Today is the day when we can’t help but think back to the last election day, four years ago, when everything went horribly, terribly wrong and we were left standing there with a sinking sense of dread thinking, what the fuck?
What the fuck?
Which is why today, as the US is in our thoughts as at no other time, and as we wait to see what the actual, real, final outcome is of the most hard-fought election of the last three millions years is, is the absolutely best day to watch the Meisterwerk that is A Conversation with America.
I once knew the man called Jim Kroft – the man who has made A Conversation with America for us – as the singer of the Berlin band that, above all other Berlin bands, were without any shadow of a doubt in anyone’s minds the band that were going to make it – that were going to shoot into the stratosphere and never come back down. The Myriad Creatures sparked, flamed, and, like so many great new bands before them, fell burning to earth.
So it was with a surprise that some years later I encountered Jim Kroft again, still hanging around the German capital, and now a seriously good, in-demand photographer as well as a startlingly on-the-ball documentary maker (who still makes music – musicians never really die, they just beef up their side hustle and keep going).
Jim Kroft set off to the US on a shoestring budget and a vaguely defined idea of what he was going to film, a little over four years ago.
A Conversation with America is just that: less a European documentary maker putting his own imprint on the thing, he wanders around the place in the days leading up to that fateful 2016 election and chats with random people.
And has some truly eye-opening conversations, and gets some sobering answers.
The documentary ends – pretty much – with us watching Jim waiting on the evening of the election where everyone’s hanging around partying, waiting to see Hilary Clinton confirmed as US president-elect.
And it covers the shocked, horrified moments when it all goes seriously, big-time tits-up and the unthinkable occurs. We watch in real time as he staggers from one intended-celebration-full-of-distraught-people to the next, all in the dregs of the night.

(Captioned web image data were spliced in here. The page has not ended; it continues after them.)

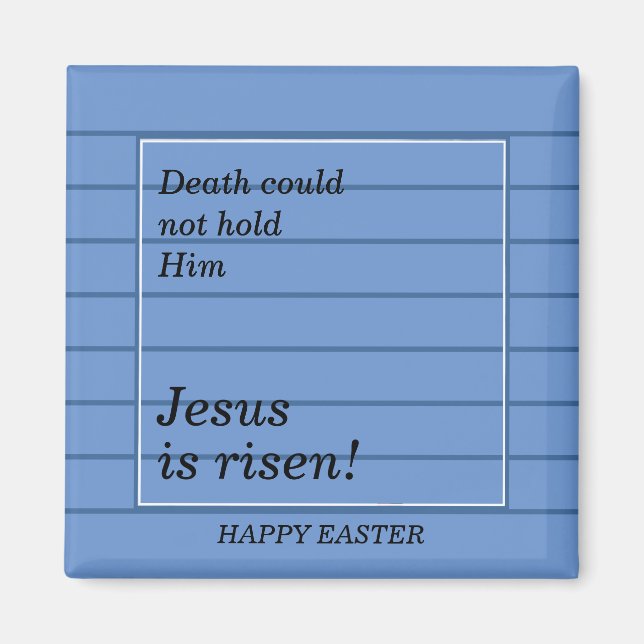 Blue JESUS IS RISEN Easter Magnet (Front)
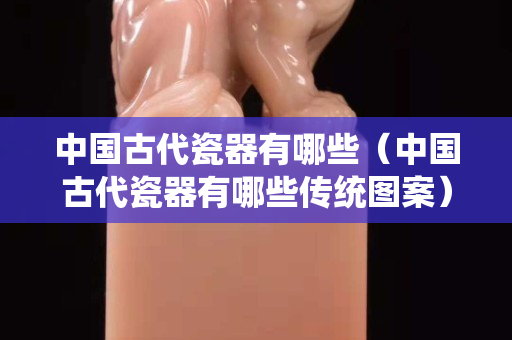 中國古代瓷器有哪些（中國古代瓷器有哪些傳統圖案）
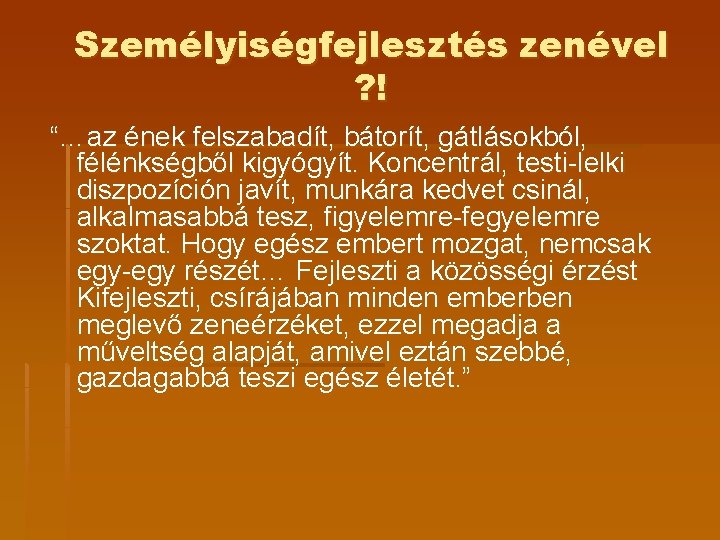Személyiségfejlesztés zenével ? ! “…az ének felszabadít, bátorít, gátlásokból, félénkségből kigyógyít. Koncentrál, testi-lelki diszpozíción Személyiségfejlesztés zenével ? ! “…az ének felszabadít, bátorít, gátlásokból, félénkségből kigyógyít. Koncentrál, testi-lelki diszpozíción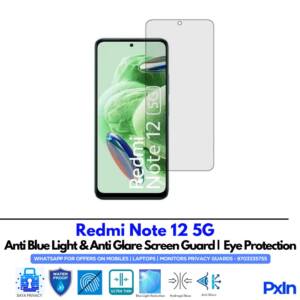 Redmi Note 12 5G Anti Blue light screen guards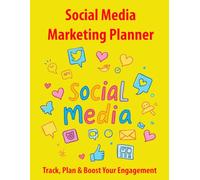 Social Media Marketing Planner - Track, Plan and Boost Your Engagement: Stay Consistent and Grow Your Brand Online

At this time: at this exact time. Today. Tomorrow. The day after: this is the time, unlike any other, when you should sit down for an hour and a half and watch A Conversation with America. Because it shows us the root of the thing that brought us here. The Armageddon moment when the nuclear blast occurred, a nuclear blast that expanded its mushroom cloud ever so slowly, so that it spread out and hurled its burning hot wind over a four-year pulse.
And it’s exactly that moment, so well portrayed and well caught in A Conversation with America, that brought us to this very day.
So in the feverishness of the next days, take a breather, and watch Jim Kroft’s open-hearted and open-minded attempt to get to the open, raw soul of a country that seems to have ripped its wounds open and invited its brother and it sister to prod a stick around inside to see where it hurts….but also to see where the tender, exposed wound of love is. Where the thing is that makes the whole thing worth saving.
Watching such a well-made and honestly, openly enquiring documentary film would be a huge pleasure anyway; knowing that this seriously impressive piece of film-making was done by a guy that used to play Thursday nights at Tacheles makes it even more so.